A serious drama ruined by incessant math and logic.


I haven't been able to afford premium cable for quite a while, so I did not see the HBO mini-series John Adams when it first came out. I had borrowed the first few DVDs of the 1976 PBS series The Adams Chronicles from the library a while back and came to the conclusion that while interesting things happened to John Adams, he was not himself an interesting person. He was too stern and too much of a complainer without being a man of action. Still, the new HBO version starred Paul Giamatti as Adams, Laura Linney as his wife Abagail and Danny Huston as his cousin Sam, three actors I have liked in a lot of different roles, so I put the mini-series on my Netflix list.

The DVD series has an option of pop-up text that explains the historical stuff, similar to the All Roads Lead To Rome option in the HBO series Rome. I loved reading the little historical tidbits on that show, so I immediately turned on that option here.

That was my first mistake. The Adams mini-series is wildly inaccurate. Things happen out of historical sequence. Several events that happened after 1776 take place in the mini-series before Adams goes to the first Continental Congress in 1774. As he leaves for Philadelphia for the first time, the congregation in the church sings a popular anti-tyranny song written in 1778. The actors playing Adams' children Nabby and John Quincy in the early scenes are much too old to play a five year old girl or a seven year old boy respectively. The result of the trial after the Boston Massacre gives the wrong verdict, letting all the soldiers go free when in fact, two of the soldiers were found guilty of manslaughter. Even the pop-up text disagrees on the times of events compared to online sources.

The series Rome wasn't perfectly accurate, either. Some young characters barely aged between the deaths of Julius Caesar and Mark Antony, a fourteen year span. But at least they kill off major historical characters in order, Caesar, then Pompey the Great, then Cicero and Antony last.
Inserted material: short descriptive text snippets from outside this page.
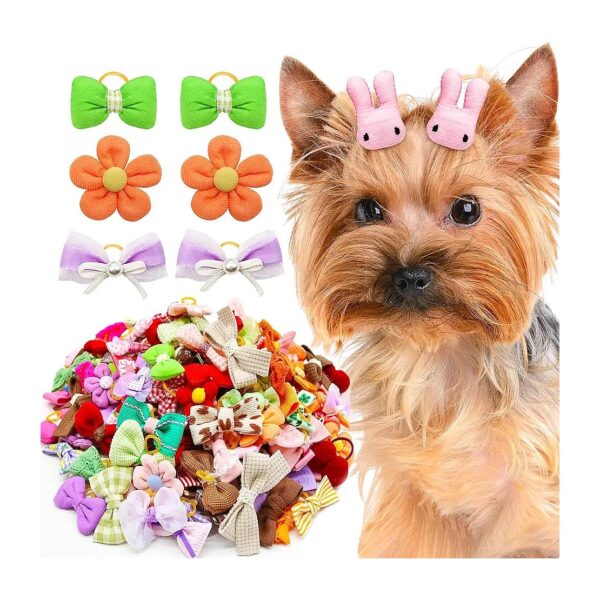 20pc Small Puppy Dog Hair Bows with Durable Rubber Bands and Rhinestones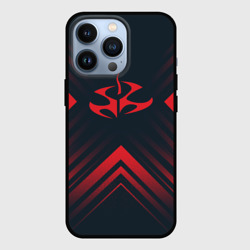 Чехол для iPhone 13 Pro Красный символ Hitman на темном фоне со стрелками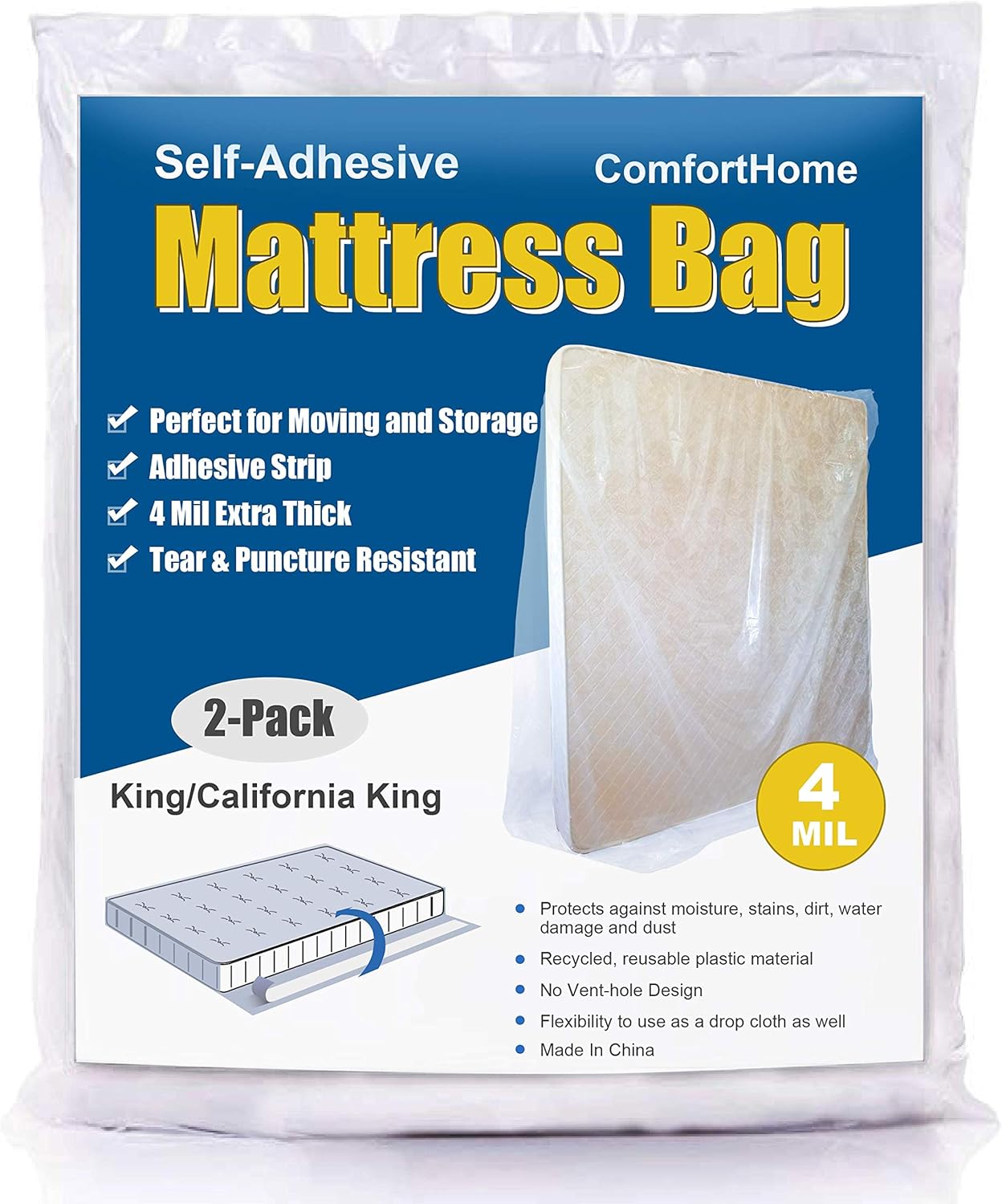 ComfortHome 4 Mil Extra Thick Sealable Mattress Bag with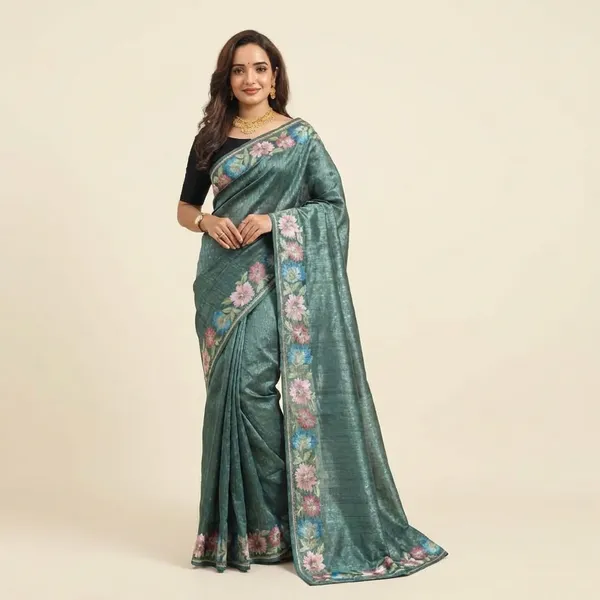 Pure_Tusser_Cotton_Silk_Premium_Contrast_Embroidery_All_Over_The_Border_With_Floral_Pattern_Teal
Watching the first part of John Adams was worse historically and the side notes felt more like the revenge of the history nerds, getting in the last word that the writers and producers willfully ignored during the main production.

Long time readers will remember I had similar problems when watching Mamma Mia!, a very different type of entertainment. Sometimes, I would love to turn that part of my brain off when watching a drama, but even on the cusp of grumpy old manhood, I haven't figured out how to do it.